With two spectacular strikes, our volunteer recruiter became difficult to reach. One day, however, she came to announce that she had a fabulous candidate for us: a retired social worker with extensive experience in the social services. This woman's work history made the rest of us seem unqualified by comparison. We waited eagerly to meet Volunteer Number Three. When she arrived, we found her to be as knowledgeable and experienced as promised. She was so engaging and intelligent that my co-workers and I talked to her for over an hour, awed by her credentials. Finally I described the position to her in detail. She admitted that computer work wasn't her forte. She held up her hands, revealing a less-than-full complement of fingers. An accident had long ago robbed her of several digits, and she wasn't really interested in a desk job anyway. Wave good-bye, Volunteer Number Three.
After a long period of silence, our volunteer recruiter showed up unexpectedly with a twenty-something university grad who was bright and pleasant and articulate and intuitive. This young woman was in the middle of obtaining a second degree and she wanted to add to her volunteer experience. She quickly grasped the purpose of our work. I gave her some samples to read, one of which brought her to tears. She obviously had both the smarts and the sensitivity required for the position. She expressed her interest in the work and we arranged a date for her to start.

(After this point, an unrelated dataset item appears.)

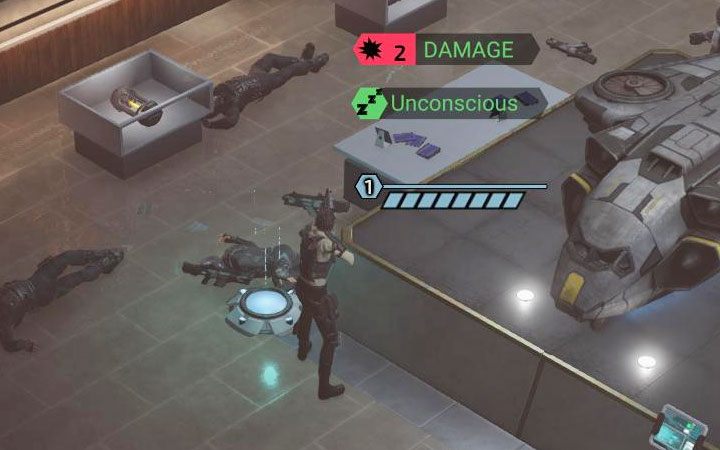 However, if you render an enemy unconscious, then you can capture him alive after he has lost all his health points - XCOM Chimera Squad: Stunning the enemies - how to? List of options - FAQ - XCOM Chimera Squad Guide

When it was time for Volunteer Number Four to leave I walked her to the elevators. As the doors slid open she stepped toward me. Perhaps because she had been emotional earlier my first thought was, "Aw, she needs a hug." I threw my arms around her and immediately thought, "Oh shit. She was just trying to shake my hand. She's the first qualified candidate we've seen and I'm about to scare her away. Crap crap crappy crap." In a lame attempt to cover up my mistake, I exclaimed, "I LOVE volunteers!" before releasing her. If only I could describe the expression on her face as I smiled and ushered her to the waiting elevator, acting as if my behaviour was perfectly ordinary. The elevator doors closed and I covered my face with my hands.
I returned to my desk and turned myself in, much to my co-workers' amusement. To everyone's great surprise Volunteer Number Four actually came back. She has been with us for several months now. While no one ever mentions my earlier faux-pas in front of her, my co-workers still delight in saying, "We LOVE volunteers" while smirking at me.
Much to our chagrin, Volunteer Number Four is so swamped with her studies that she has decided to stop volunteering until the spring. On her last day I had to leave early. I purposely bid her a very casual good-bye, saying, "See you in a few months." As I was walking away a co-worker stopped me and asked, "Jenni, aren't you forgetting something?" and mimed a great big hug.
I promise I'll give Volunteer Number Four a great big hug when she returns in the spring. For now, let her remember volunteering as a heck of a lot of work with no tangible rewards or recognition. If she's anything like me, that will make it seem all the more worthwhile.